Now, in my fifties, I find the prospect of retirement seductive,
even compelling--not something to be pushed to the end of one's
life like an afterthought, but something that must be planned
for, actively pursued while there is yet time.
However, when I made the announcement that I would be taking an
early retirement from my teaching profession, I was not prepared
for some of the comments I received. "What will you do with your
time?" "Are you happy?" another colleague asked me six months
into my retirement. "Are you truly happy?"

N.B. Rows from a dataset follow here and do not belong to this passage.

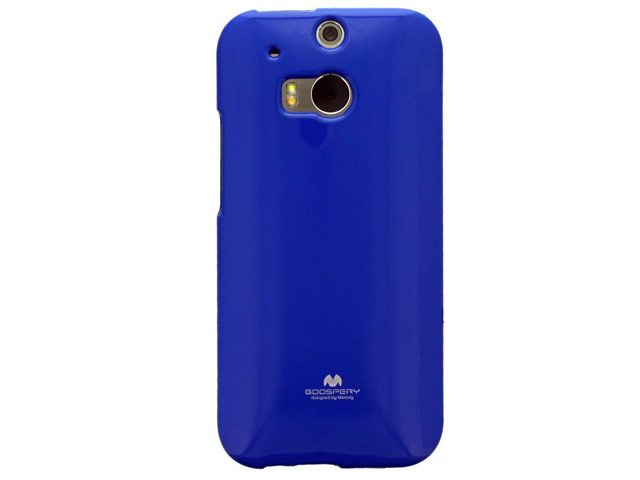 Чехол Mercury Goospery Jelly Case для HTC new One (HTC M8) (синий, гелевый)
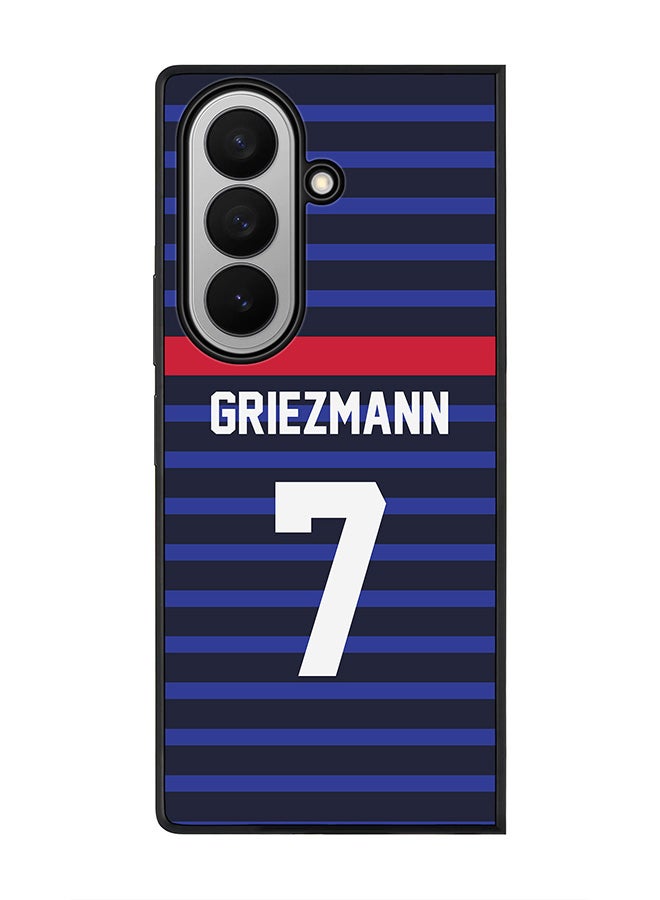 Stylizedd For Samsung Galaxy Z Fold7 Case,Slim fit Camera Protection, Shockproof Thin Phone cover  - Football - France,  Griezmann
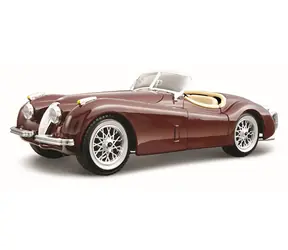 Bburago Jaguar XK 120 Roadster 1951 červená / měřítko 1:24 / od 3 let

The question misses the point-- retirement is not so much an
issue of happiness (in the way Freedom 55 ads would like us to
believe) as it is an issue of integrity. The decision to leave
the professional world is just as serious as the decision to
work till one's dying breath. The question "Are you happy?" I
fear, comes from the bias of our highly production-conscious
society. Work is considered legitimate only if it produces
something tangible. And a good life is one that is obviously
productive, defined by traditionally external measures of
success such as schedules, visibility, profit and status. How
can one who opts out of the professional life be happy?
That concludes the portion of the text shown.